> [Information]:
****************

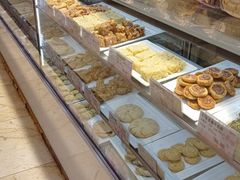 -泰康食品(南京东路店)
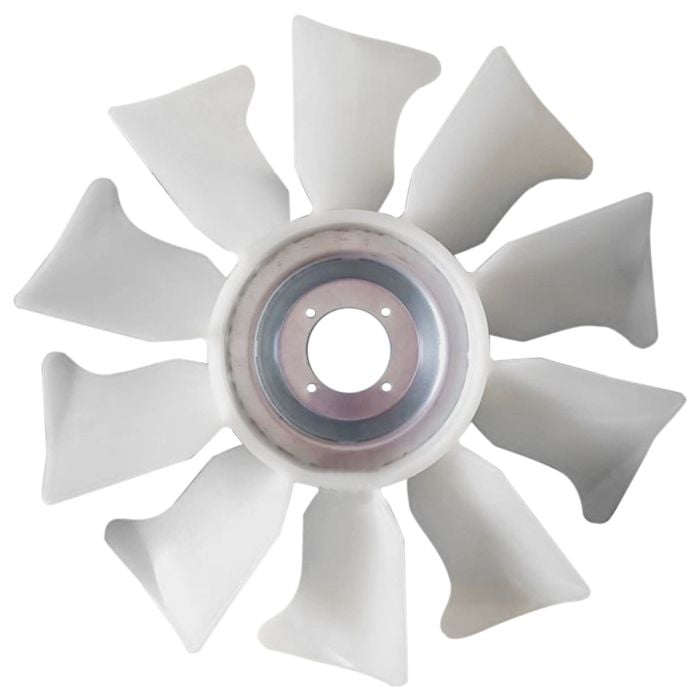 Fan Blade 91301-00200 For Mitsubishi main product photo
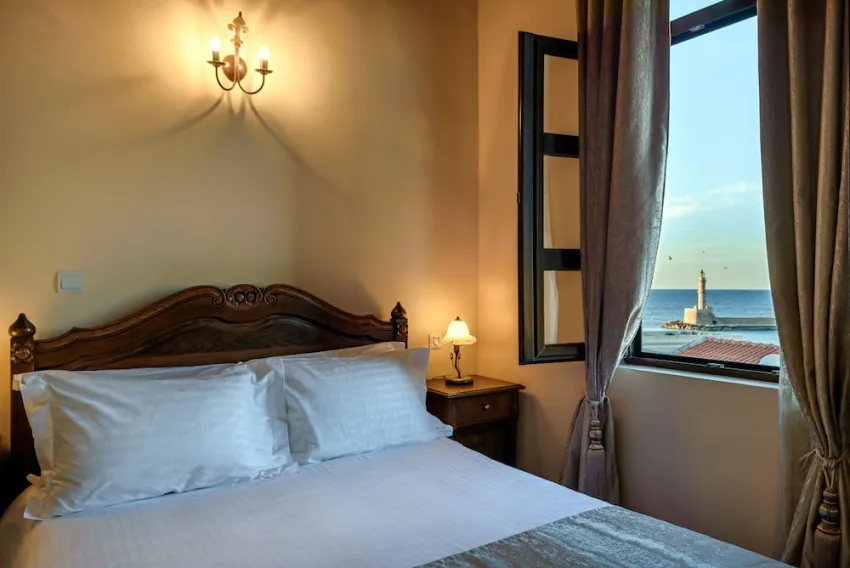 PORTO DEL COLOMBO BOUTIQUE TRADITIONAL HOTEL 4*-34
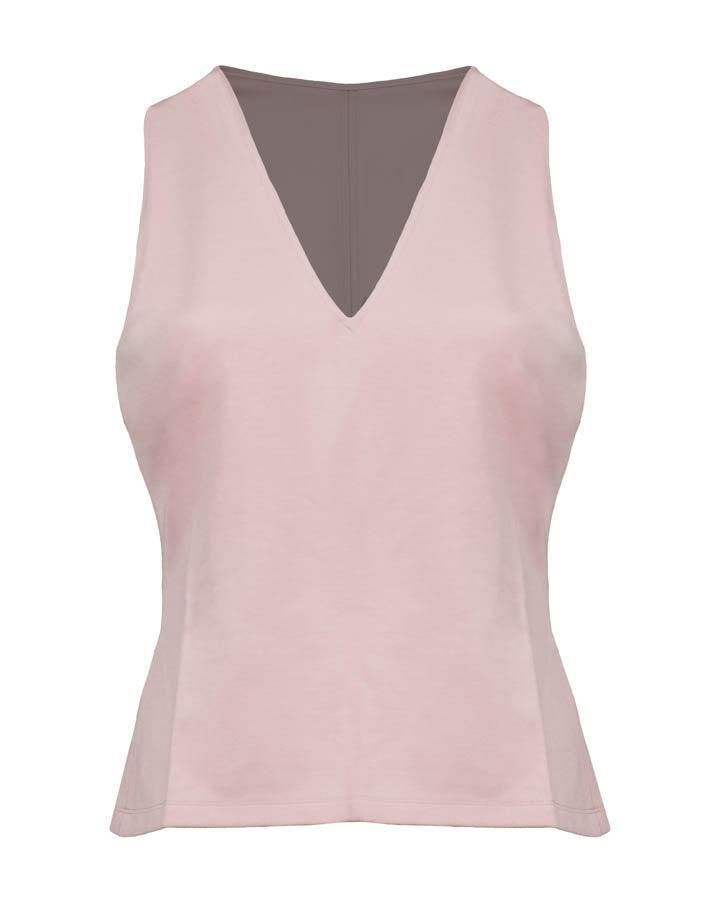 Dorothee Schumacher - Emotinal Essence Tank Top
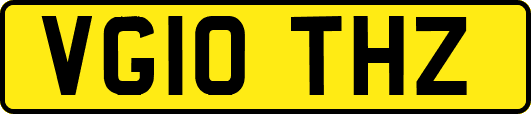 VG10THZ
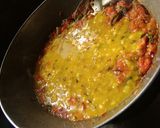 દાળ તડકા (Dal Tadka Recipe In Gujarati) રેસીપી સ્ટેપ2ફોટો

****************

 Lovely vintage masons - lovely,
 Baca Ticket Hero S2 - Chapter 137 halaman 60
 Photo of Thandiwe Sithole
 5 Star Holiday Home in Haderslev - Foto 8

****************

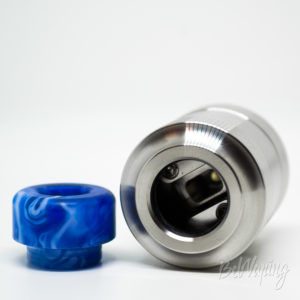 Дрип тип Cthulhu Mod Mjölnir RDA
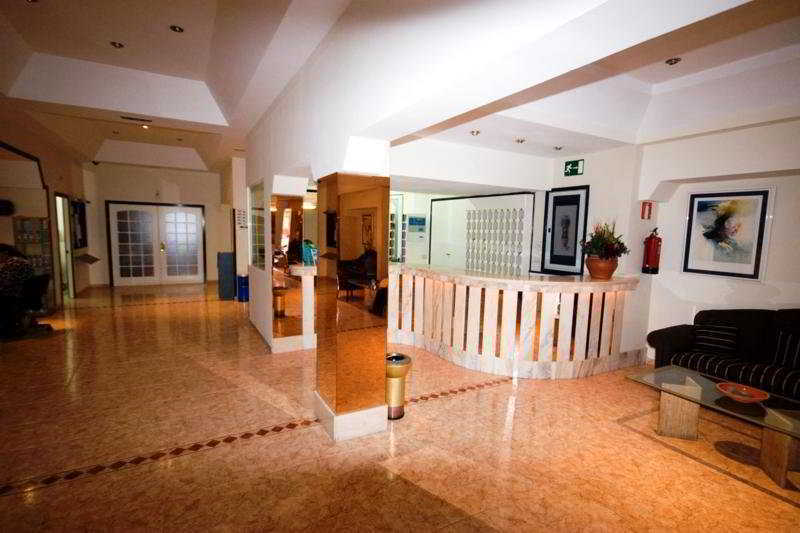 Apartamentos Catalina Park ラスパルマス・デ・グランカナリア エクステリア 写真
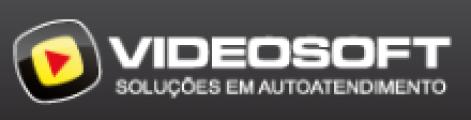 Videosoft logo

****************

> [Exercise]: Using the records above, return word for word the lines that begin at the one containing "-泰康食品(南京东路店)" and end at the one containing "દાળ તડકા (Dal", both of them included and no pictures.

> [Output below]:
 -泰康食品(南京东路店)
 Fan Blade 91301-00200 For Mitsubishi main product photo
 PORTO DEL COLOMBO BOUTIQUE TRADITIONAL HOTEL 4*-34
 Dorothee Schumacher - Emotinal Essence Tank Top
 VG10THZ
 દાળ તડકા (Dal Tadka Recipe In Gujarati) રેસીપી સ્ટેપ2ફોટો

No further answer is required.